Primeiramente, como se depreende dos dispositivos supra, um plano-referência abarca determinados “tratamentos” de doenças listadas na Classificação Internacional de Doenças editada pela OMS.
No caso em apreço, o recorrente possui transtorno do espectro autista, constante da classificação internacional de doenças como “F 84.0” e que ocasiona prejuízos e dificuldades na área de comunicação e linguagem, nas habilidades sociais, para brincar e para autocuidado, além do processamento sensorial diferenciado, necessitando de intervenção terapêutica intensa.
A alegação da recorrente se resume ao fato de que a amplitude da cobertura é delineada pela Agência Nacional de Saúde Suplementar – ANS que, segundo aduz, estabeleceu um rol taxativo de procedimentos a serem abarcados pelos contratos de seguro saúde.

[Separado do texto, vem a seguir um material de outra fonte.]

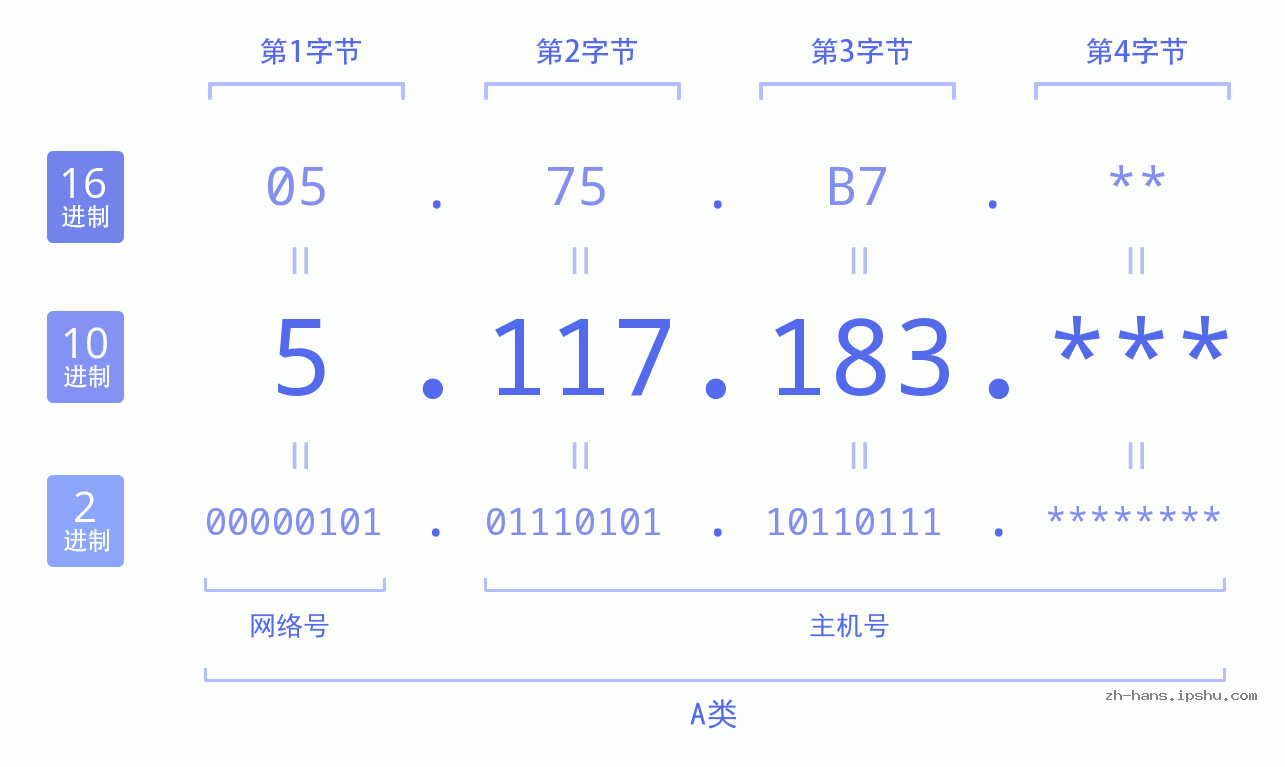 IP地址:5.117.183 数据结构图 二进制 十进制 十六进制 IPv4: 5.117.183 网络类型 网络号 主机号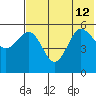 Unimak Island tide chart for Friday, July 12, 2024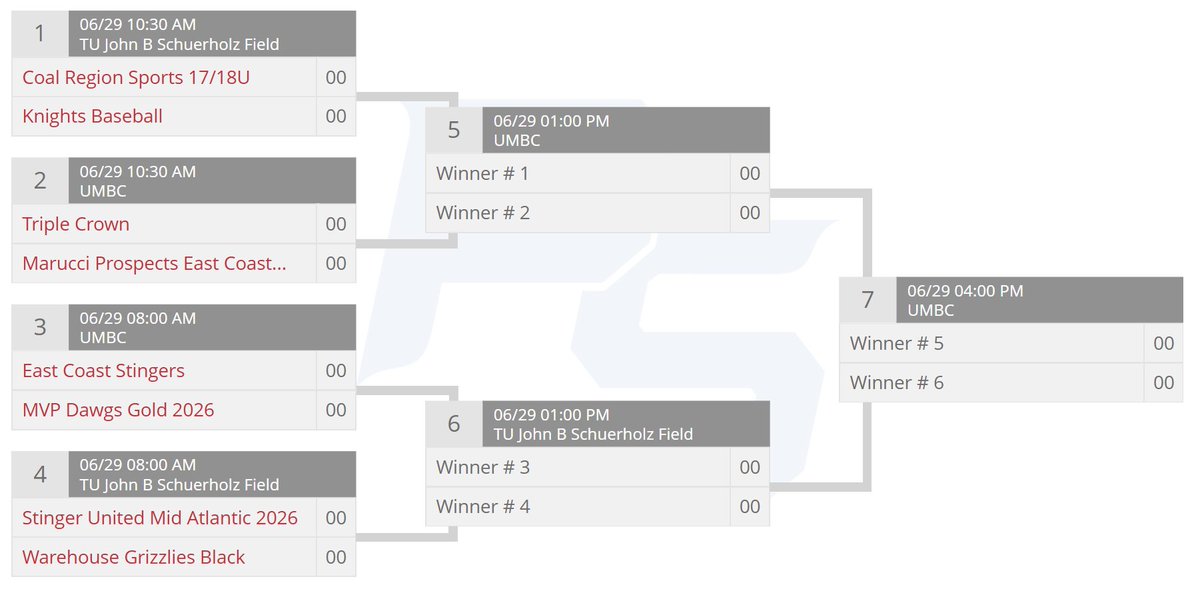 Marucci Prospects East Coast 2026 (@marucciec_2026) on Twitter photo First game of bracket play is Sunday (10:30am) at UMBC...
<a href="/ProspecMarucci/">Marucci Prospects Baseball</a> <a href="/BakerBombSquad1/">George Baker</a> <a href="/coachPatBoucher/">Pat Boucher</a> First game of bracket play is Sunday (10:30am) at UMBC...
<a href="/ProspecMarucci/">Marucci Prospects Baseball</a> <a href="/BakerBombSquad1/">George Baker</a> <a href="/coachPatBoucher/">Pat Boucher</a>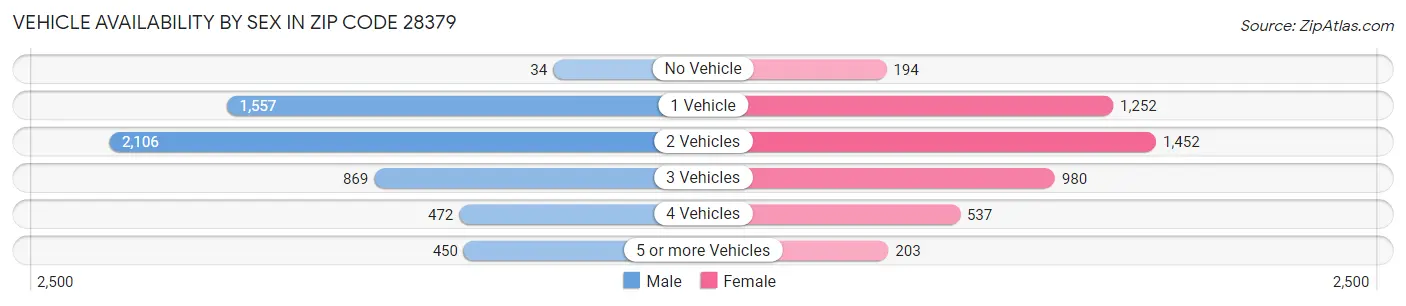 Vehicle Availability by Sex in Zip Code 28379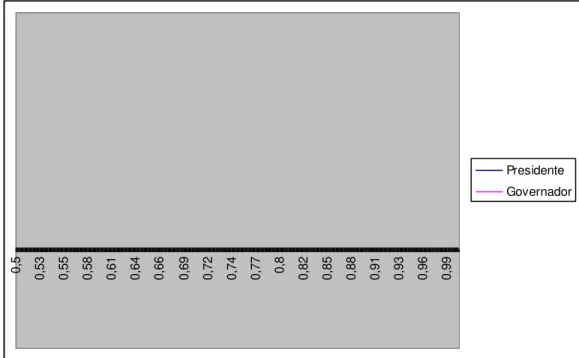 Gráfico 4 aonde o eixo das ordenadas representam as transferências federais donativas  per  capita  e  o  das  abscissas  demonstram  a  porcentagem  de  votos  para  os  candidatos  Republicanos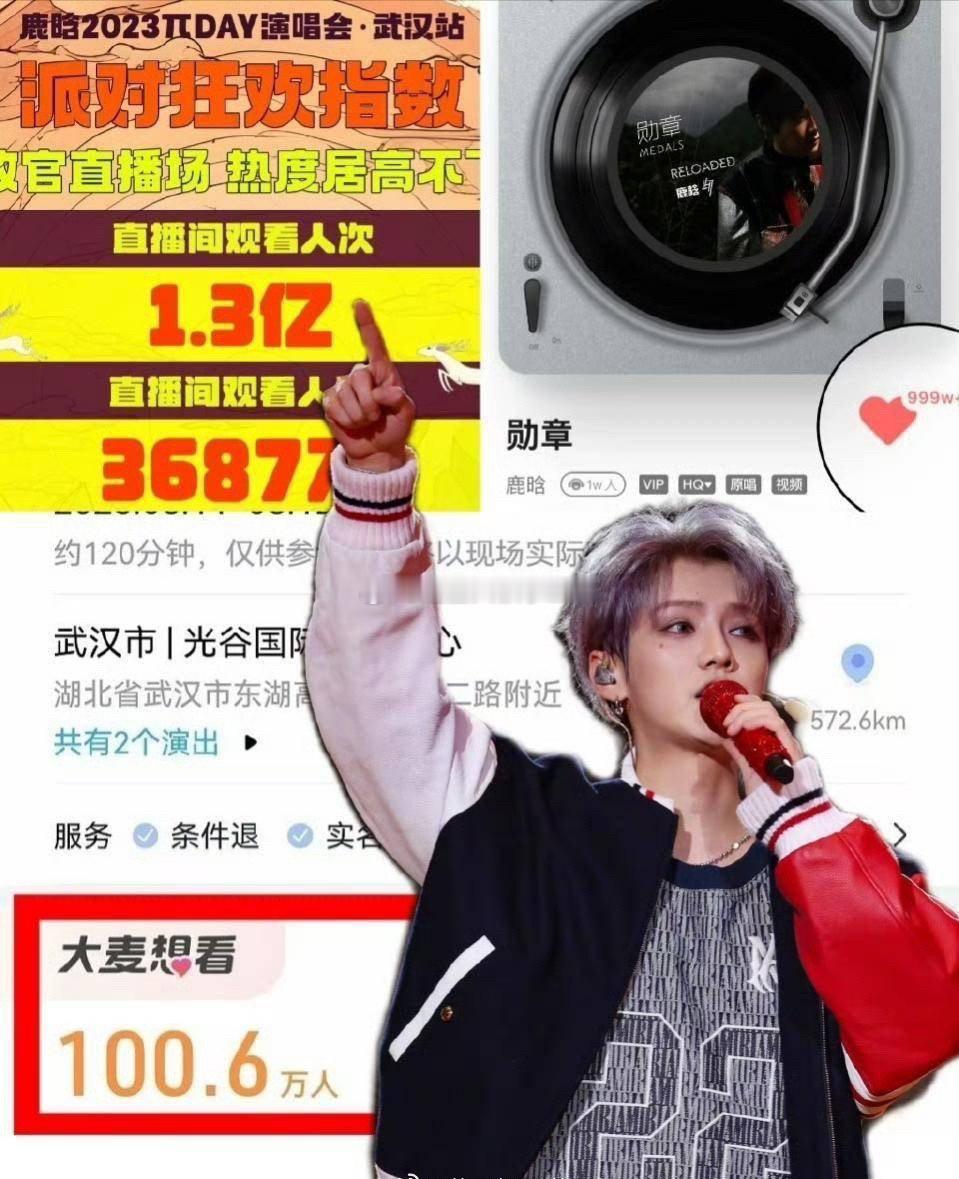 鹿晗首个百万想看90后歌手，这么多年过去了，🦌的流量依然能打 ​​​
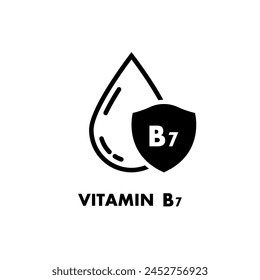 Vitamin B7 icon. Badge, symbol. Vitamin B7 line icon simple water drop.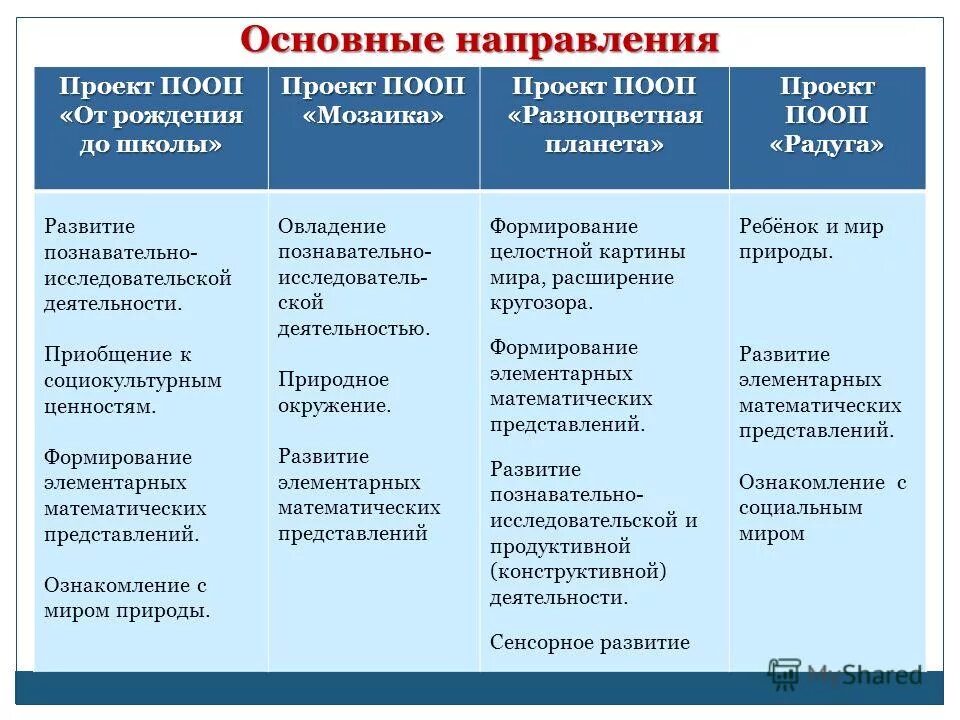 Задачи развития по образовательным областям. Анализ ООП от рождения до школы в ДОУ таблица. Задачи познавательного развития программы «от рождения до школы».. Таблица анализ программы от рождения до школы и программы Радуга. Направления познавательного развития дошкольников по ФГОС.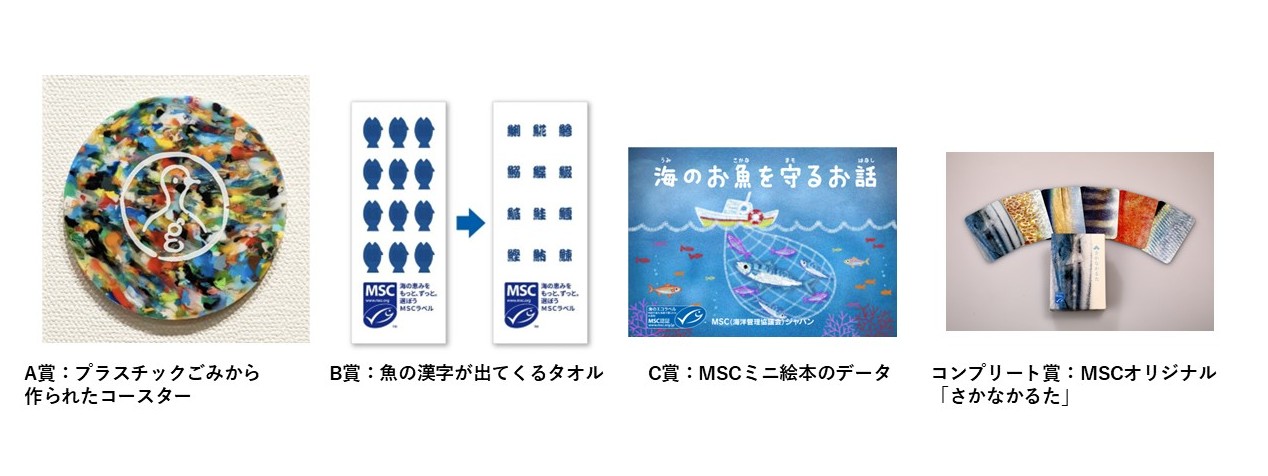 SSW campaign prizes A,B,C, Complete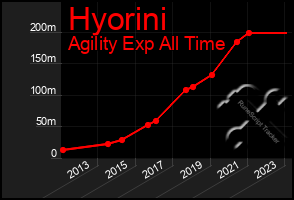 Total Graph of Hyorini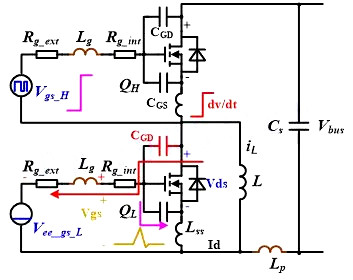 SiC MOSFET 橋臂串?dāng)_ 誤開通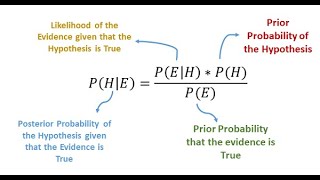 Naïve Bayes Classifier Understanding With Example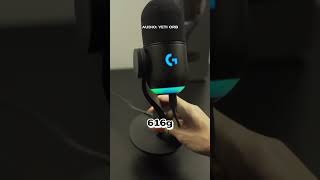 Logitech G Yeti Orb and Yeti GX 🎤  Plug and Play Microphone for Gamer or live streamers [upl. by Wildon]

Ora, a 4ª Turma do STJ proferiu decisão no REsp nº 1.733.013-PR decidindo pela taxatividade do rol, contudo, a posição majoritária do e. Tribunal Superior é no sentido de que o rol é exemplificativo, sob o fundamento de que “compete ao profissional habilitado indicar a opção adequada para o tratamento da doença que acomete seu paciente, não incumbindo à seguradora discutir o tratamento, mas, sim, custear as despesas de acordo com a melhor técnica”.
É o que se observa dos julgados litteris:
PROCESSUAL CIVIL. AGRAVO INTERNO NO RECURSO ESPECIAL. AÇÃO COMINATÓRIA CUMULADA COM COMPENSAÇÃO POR DANO MORAL. CONTRATO DE PLANO DE SAÚDE. ROL DE PROCEDIMENTOS E EVENTOS EM SAÚDE DA ANS. NATUREZA EXEMPLIFICATIVA. TRATAMENTO DE TRANSTORNO DO ESPECTRO AUTISTA. LIMITAÇÃO DE SESSÕES DE TERAPIAS ESPECIALIZADAS. RECUSA DE COBERTURA INDEVIDA. 1. Ação de obrigação de fazer, na qual se imputa à operadora de plano de saúde a conduta abusiva de negar a cobertura de terapias especializadas prescritas para o tratamento da doença que acomete o beneficiário (transtorno do espectro autista). 2. A natureza do rol da ANS é meramente exemplificativa, reputando, no particular, abusiva a recusa de cobertura de procedimento cirúrgico prescrito para o tratamento de doença coberta pelo plano de saúde. 3. Consoante jurisprudência desta Corte "é o médico ou o profissional habilitado - e não o plano de saúde - quem estabelece, na busca da cura, a orientação terapêutica a ser dada ao usuário acometido de doença coberta" (REsp 1.679.190/SP, 3ª Turma, DJe de 02/10/2017). 4. Agravo interno no recurso especial não provido.(STJ - AgInt no REsp: 1937863 DF 2021/0143548-3, Relator: Ministra NANCY ANDRIGHI, Data de Julgamento: 11/10/2021, T3 - TERCEIRA TURMA, Data de Publicação: DJe 15/10/2021) (Grifos acrescidos)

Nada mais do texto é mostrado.